Cada mes de
octubre, algún economista (en ocasiones, como parte de un binomio o de un trinomio)
accede al Olimpo a raíz del otorgamiento del Premio Nobel de Economía, a veces,
curiosamente, incluso sin pertenecer formalmente a ese campo científico. La
recepción de un galardón tan prestigioso a escala mundial confiere a los
premiados un estatus sumamente especial, rayano en lo celestial. Huelga señalar
que, más allá del alcance de las investigaciones y aportaciones que son objeto
de reconocimiento, cualquier manifestación de una de esas egregias figuras sobre
los problemas económicos y las medidas para solucionarlos tiende a ejercer una
enorme influencia sobre la opinión pública y las orientaciones que puedan
adoptar los policy makers.
Sin embargo,
uno de los primeros en recibir el preciado galardón, en su discurso de la
ceremonia de entrega, alertaba sobre ciertas peculiaridades asociadas a la
ciencia económica.
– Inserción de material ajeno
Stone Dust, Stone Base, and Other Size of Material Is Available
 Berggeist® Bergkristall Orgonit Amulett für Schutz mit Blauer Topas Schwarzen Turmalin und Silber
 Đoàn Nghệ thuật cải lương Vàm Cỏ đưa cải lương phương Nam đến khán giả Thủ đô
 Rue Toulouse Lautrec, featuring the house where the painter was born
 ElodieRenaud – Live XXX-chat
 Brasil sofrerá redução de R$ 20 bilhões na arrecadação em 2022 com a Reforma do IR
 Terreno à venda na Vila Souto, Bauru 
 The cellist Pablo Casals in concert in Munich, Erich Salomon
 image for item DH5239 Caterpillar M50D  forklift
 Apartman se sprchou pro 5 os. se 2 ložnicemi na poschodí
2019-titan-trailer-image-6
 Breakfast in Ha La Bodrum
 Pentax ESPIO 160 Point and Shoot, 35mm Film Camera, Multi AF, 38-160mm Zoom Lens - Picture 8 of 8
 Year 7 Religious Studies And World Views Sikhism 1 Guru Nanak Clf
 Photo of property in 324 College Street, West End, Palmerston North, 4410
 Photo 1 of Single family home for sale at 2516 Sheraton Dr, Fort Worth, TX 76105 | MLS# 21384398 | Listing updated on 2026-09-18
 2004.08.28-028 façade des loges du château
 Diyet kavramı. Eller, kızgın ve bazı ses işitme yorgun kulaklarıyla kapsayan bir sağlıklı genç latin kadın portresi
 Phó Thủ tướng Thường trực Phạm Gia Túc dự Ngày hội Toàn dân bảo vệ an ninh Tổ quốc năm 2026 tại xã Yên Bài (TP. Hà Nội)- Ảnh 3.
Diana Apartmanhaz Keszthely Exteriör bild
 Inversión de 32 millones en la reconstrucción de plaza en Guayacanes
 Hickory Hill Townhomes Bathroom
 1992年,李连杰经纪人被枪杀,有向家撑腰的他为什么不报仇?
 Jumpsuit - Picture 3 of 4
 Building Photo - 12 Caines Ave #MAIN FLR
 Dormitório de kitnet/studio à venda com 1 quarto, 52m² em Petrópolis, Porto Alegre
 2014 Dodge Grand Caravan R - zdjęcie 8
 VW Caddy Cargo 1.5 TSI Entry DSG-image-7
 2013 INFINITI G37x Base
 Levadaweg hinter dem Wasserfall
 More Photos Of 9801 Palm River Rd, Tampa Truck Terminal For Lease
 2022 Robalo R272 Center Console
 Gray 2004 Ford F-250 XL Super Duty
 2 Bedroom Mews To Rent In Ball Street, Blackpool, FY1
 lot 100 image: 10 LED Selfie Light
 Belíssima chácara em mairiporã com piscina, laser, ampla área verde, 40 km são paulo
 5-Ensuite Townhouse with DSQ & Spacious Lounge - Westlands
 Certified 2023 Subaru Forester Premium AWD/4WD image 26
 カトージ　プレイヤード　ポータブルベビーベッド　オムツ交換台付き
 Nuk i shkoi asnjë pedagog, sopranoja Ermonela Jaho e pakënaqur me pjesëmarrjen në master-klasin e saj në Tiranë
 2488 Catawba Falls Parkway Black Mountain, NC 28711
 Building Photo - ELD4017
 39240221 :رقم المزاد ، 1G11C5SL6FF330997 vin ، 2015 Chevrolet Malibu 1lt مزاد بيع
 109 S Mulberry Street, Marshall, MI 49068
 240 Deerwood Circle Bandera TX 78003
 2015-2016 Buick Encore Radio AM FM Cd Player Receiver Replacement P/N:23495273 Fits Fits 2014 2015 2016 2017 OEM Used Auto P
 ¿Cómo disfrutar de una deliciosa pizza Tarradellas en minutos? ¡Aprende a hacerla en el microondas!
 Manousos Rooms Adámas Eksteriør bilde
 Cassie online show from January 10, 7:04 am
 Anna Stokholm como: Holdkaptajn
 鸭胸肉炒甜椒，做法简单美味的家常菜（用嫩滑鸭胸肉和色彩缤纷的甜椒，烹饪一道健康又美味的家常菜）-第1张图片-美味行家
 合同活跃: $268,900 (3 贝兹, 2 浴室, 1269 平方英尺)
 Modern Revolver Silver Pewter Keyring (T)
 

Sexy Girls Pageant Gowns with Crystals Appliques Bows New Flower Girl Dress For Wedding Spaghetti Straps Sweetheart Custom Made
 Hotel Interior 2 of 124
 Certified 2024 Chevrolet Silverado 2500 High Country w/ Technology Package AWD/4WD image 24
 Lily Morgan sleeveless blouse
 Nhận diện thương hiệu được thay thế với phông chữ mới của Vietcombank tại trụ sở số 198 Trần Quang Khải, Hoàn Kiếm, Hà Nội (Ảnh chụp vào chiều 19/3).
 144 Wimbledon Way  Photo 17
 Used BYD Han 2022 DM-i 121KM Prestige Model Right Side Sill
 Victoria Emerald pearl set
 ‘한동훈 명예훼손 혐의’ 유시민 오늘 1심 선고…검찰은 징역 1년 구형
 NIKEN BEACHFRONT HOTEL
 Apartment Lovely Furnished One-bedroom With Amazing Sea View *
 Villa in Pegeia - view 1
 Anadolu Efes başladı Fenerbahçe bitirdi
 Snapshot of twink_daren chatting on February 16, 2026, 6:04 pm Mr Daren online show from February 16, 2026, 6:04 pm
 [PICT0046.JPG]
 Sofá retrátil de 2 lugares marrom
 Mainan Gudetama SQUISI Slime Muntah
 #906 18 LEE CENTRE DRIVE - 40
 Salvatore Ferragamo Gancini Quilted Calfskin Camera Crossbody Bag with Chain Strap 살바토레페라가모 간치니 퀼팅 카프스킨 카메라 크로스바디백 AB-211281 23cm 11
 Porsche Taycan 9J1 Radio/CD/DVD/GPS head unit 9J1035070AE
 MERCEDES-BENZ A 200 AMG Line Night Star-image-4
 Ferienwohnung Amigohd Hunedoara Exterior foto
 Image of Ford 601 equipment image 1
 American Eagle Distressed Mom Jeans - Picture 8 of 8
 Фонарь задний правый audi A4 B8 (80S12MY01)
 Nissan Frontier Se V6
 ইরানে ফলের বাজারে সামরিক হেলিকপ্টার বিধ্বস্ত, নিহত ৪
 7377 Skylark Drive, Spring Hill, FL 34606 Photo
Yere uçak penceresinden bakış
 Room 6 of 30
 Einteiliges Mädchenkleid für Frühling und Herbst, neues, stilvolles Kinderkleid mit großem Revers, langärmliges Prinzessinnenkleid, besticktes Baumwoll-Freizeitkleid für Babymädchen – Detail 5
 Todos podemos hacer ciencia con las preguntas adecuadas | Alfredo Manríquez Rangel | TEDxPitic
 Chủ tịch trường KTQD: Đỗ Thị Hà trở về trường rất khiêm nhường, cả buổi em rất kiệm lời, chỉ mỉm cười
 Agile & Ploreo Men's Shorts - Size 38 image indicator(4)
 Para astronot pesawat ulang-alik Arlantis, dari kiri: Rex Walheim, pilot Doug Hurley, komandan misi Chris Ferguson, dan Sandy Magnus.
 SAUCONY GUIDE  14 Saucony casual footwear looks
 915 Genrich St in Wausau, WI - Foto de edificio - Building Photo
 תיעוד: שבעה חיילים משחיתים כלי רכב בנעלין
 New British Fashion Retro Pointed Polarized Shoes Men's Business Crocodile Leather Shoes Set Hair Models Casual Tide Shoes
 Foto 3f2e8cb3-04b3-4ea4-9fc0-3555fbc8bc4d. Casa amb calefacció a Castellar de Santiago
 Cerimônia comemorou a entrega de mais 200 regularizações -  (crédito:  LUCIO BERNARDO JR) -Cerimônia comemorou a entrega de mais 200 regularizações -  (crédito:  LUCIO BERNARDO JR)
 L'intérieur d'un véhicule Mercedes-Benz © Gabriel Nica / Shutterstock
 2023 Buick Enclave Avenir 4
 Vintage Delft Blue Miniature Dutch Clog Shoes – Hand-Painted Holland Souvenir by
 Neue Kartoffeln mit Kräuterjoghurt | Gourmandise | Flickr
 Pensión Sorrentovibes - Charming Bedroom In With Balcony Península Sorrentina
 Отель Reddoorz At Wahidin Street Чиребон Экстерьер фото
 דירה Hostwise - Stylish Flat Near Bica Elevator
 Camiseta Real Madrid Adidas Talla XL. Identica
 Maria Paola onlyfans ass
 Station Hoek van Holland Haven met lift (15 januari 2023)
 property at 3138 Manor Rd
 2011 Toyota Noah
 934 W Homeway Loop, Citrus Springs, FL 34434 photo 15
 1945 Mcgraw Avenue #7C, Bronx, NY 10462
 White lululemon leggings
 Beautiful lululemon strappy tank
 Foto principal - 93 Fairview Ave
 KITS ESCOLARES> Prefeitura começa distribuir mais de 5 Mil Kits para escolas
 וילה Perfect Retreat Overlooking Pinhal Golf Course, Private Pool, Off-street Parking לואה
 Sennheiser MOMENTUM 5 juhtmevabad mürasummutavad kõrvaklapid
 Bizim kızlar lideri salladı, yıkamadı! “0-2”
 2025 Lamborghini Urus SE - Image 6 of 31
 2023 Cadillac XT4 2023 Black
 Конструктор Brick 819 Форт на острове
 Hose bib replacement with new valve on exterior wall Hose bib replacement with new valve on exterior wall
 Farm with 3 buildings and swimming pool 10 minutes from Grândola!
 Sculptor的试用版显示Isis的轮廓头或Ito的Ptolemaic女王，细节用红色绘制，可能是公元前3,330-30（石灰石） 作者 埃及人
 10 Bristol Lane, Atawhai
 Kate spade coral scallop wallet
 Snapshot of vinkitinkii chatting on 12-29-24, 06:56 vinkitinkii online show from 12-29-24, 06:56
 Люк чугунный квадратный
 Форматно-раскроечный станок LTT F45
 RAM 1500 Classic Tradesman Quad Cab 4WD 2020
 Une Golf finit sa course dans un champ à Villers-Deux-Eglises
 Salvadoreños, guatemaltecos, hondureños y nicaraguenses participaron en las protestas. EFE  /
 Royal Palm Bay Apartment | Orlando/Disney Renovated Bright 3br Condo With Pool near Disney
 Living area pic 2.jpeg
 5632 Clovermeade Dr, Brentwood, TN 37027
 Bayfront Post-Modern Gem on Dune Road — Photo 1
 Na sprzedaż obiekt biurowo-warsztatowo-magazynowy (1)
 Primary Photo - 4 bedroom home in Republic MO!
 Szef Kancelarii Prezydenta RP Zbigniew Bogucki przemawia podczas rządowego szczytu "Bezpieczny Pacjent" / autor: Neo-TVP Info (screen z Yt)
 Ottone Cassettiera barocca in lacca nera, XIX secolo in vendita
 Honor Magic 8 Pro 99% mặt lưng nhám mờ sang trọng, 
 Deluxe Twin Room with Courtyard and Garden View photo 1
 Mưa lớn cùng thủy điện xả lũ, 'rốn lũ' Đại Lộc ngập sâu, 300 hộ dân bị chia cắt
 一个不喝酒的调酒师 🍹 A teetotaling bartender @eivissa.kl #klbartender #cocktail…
El personaje en cuestión era Friedrich von Hayek, quien,
después de agradecer cortésmente el reconocimiento recibido, confesaba que “si
hubiese sido consultado sobre el establecimiento de un Premio Nobel en Economía,
habría recomendado decididamente no llevarlo a cabo”[1].
La causa
esgrimida no era otra que “el Premio Nobel confiere sobre un individuo una
autoridad que en Economía ningún hombre debería poseer. Esto no importa en las
ciencias naturales. Aquí la influencia ejercida por un individuo es
principalmente una influencia sobre sus colegas expertos; y éstos pronto le
bajarán los humos si se excede de sus competencias. Pero la influencia del
economista que más importa es una influencia sobre profanos: políticos,
periodistas, funcionarios y el público en general. No hay ninguna razón por la
que un hombre que ha hecho una contribución distintiva a la ciencia económica
deba ser omnicompetente sobre todos los problemas de la sociedad -como la
prensa tiende a tratarlo hasta que, al final, él mismo puede ser persuadido a
creerlo”[2].
Efectivamente,
suelen ser bastante peligrosos los economistas que pretenden hacer gala de esa “omnicompetencia”.
Pero, como la evidencia empírica corrobora, no es condición necesaria ser
economista para atribuirse esa "macrocapacidad".